Wednesday, January 21, 2015

Writing 101: Calling a Spade a Spade

You can call me an indie author if you like, but you can also call me an autonomous wordsmith if you really feel like it. 

Or maybe you'd better just stick with indie author. When you are one, you'll find that often simple language is the best. So when you're writing, let's just call a spade a spade. It takes too long to look for synonyms for the word shovel.

By Any Other Name

When you're writing about a shovel,  you can just call it a spade. People like flowery language, but they like simple honesty even more. When you're looking for a creative way to mention a shovel, or you're looking for a replacement for the word whisper, you're probably doing a little too much writing. You don't need to throw synonyms all over your book in order to make it good. For the most part, it's perfectly okay to end dialogue with "he said." 

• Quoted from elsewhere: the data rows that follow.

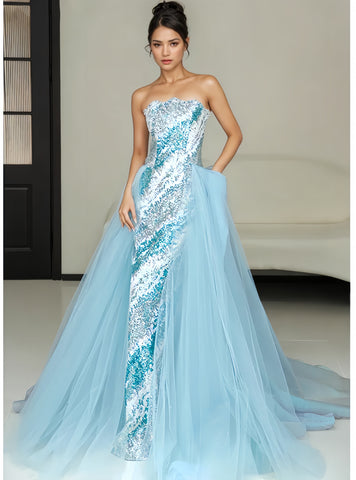 Blue Sheath Sequin Detachable Trian Strapless Prom Dress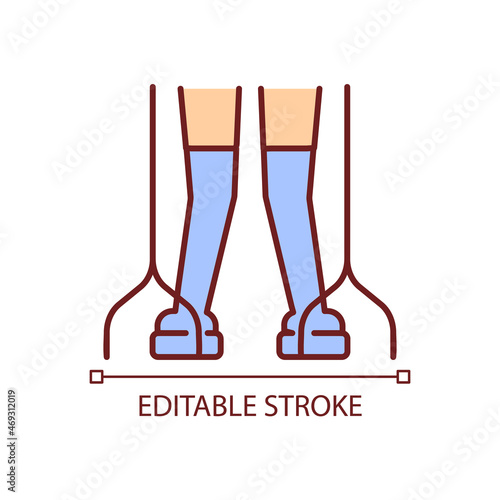 Cerebral palsy RGB color icon. Movement and posture balance disorders. Coordination functions disability. Muscle problems. Isolated vector illustration. Simple filled line drawing. Editable stroke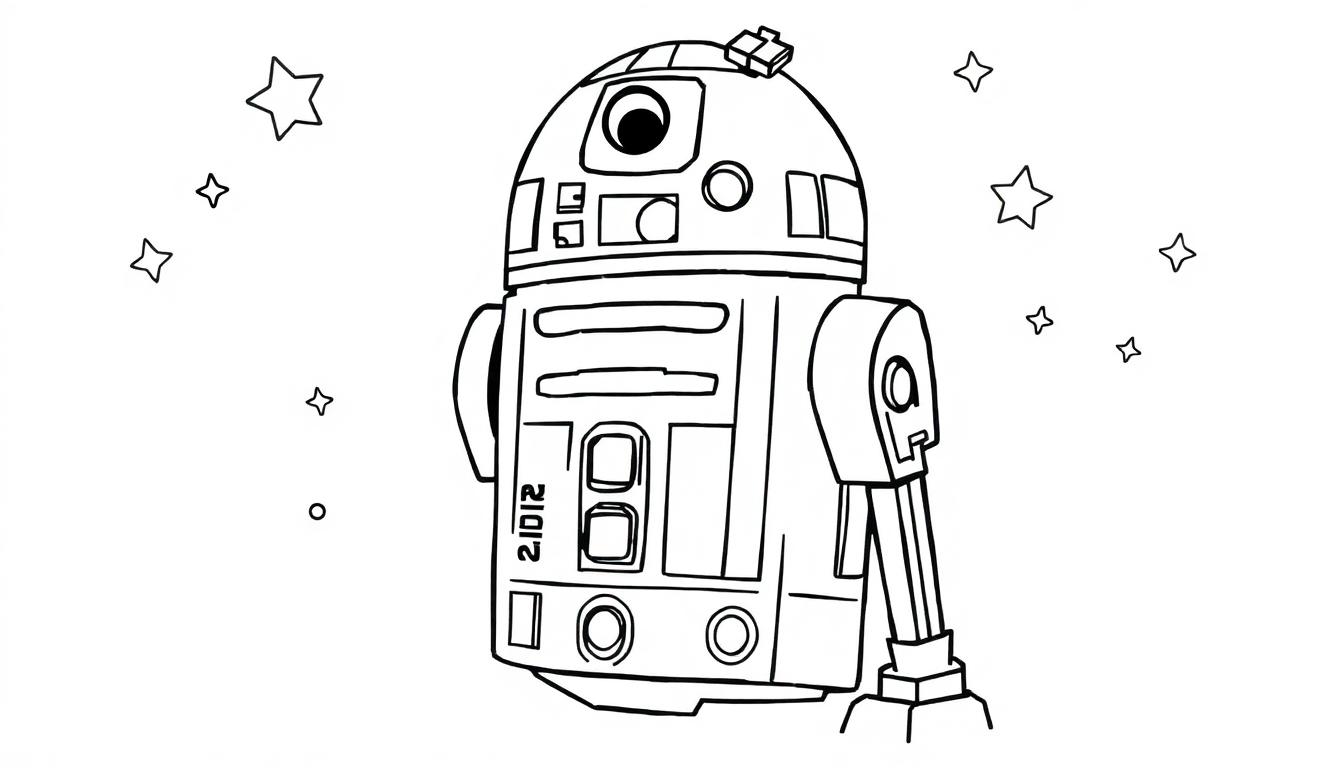 Eine Schwarz-Weiß-Farbtafel von R2-D2, der im Weltall mit Sternen winkt.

Simple words don't equal simple writing. Many authors fear this. Instead of using straightforward language, they look for flowery and complicated words instead. But big words are not a hallmark of good writing. All the best books that were ever written are composed from straightforward words that reflect the way people are talking at that moment in history. You've probably used the word shovel several times in your life. How many times have you actually described one instead?

The most complicated plots can be described in simple words, and the story will still be amazing. The best books are easy to read, and they become popular when they're easy for everyone to read. To do that, you need to use simple language. So just call me a blogger, instead of a self-reliant Internet diarist. That way, you can focus on simply being an author rather than an as...well, just be an author.